══ DATA SUPPLIED ══
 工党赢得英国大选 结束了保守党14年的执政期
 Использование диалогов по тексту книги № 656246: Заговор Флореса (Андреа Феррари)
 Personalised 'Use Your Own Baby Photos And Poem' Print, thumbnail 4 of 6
═══
══ DATA SUPPLIED ══
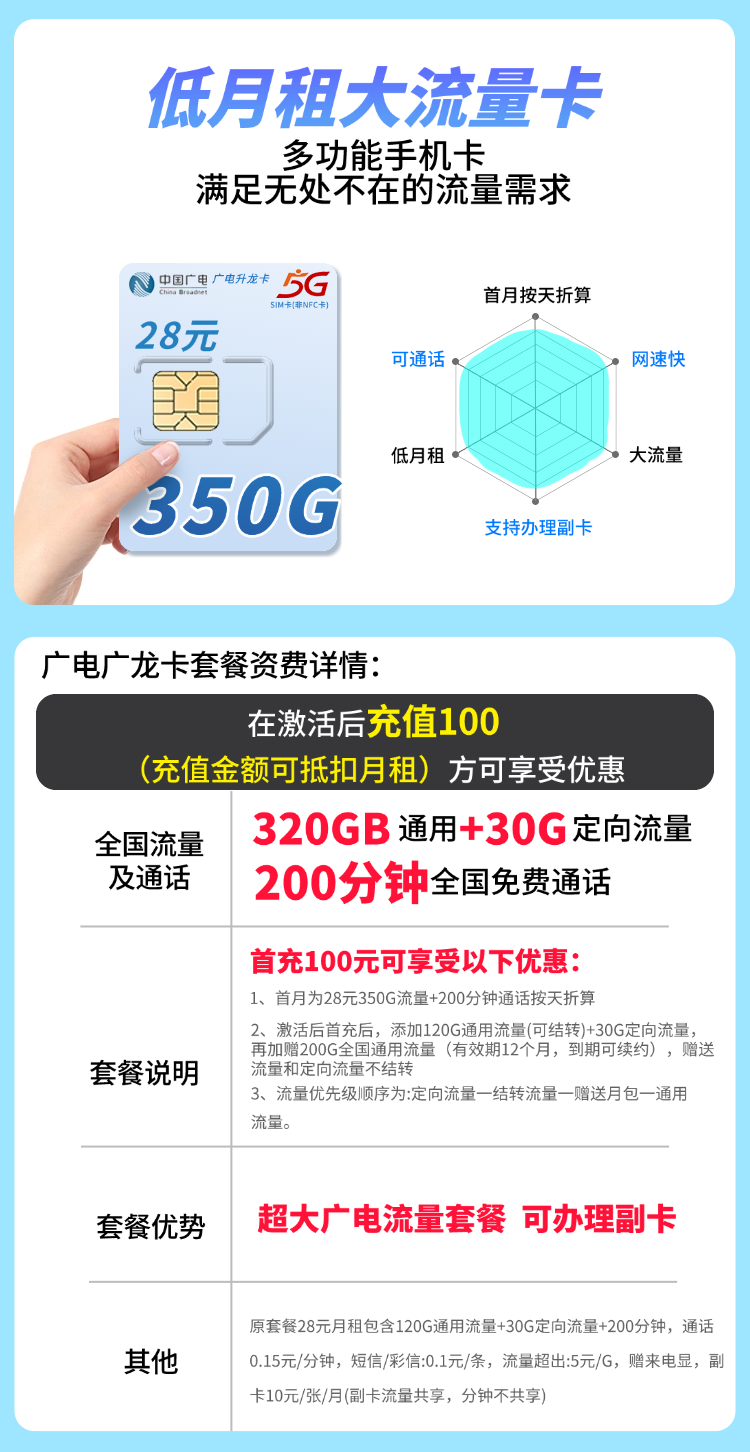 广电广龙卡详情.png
═══
══ DATA SUPPLIED ══
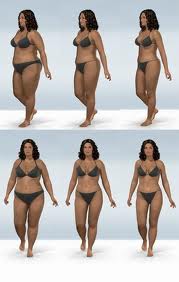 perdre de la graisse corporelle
═══
YOUR INSTRUCTIONS
Of all the entries above, output exactly the lines between the one holding "Использование диалогов по" and the one holding "Personalised 'Use Your", inclusive.

REPLY TO THE TASK
 Использование диалогов по тексту книги № 656246: Заговор Флореса (Андреа Феррари)
 Personalised 'Use Your Own Baby Photos And Poem' Print, thumbnail 4 of 6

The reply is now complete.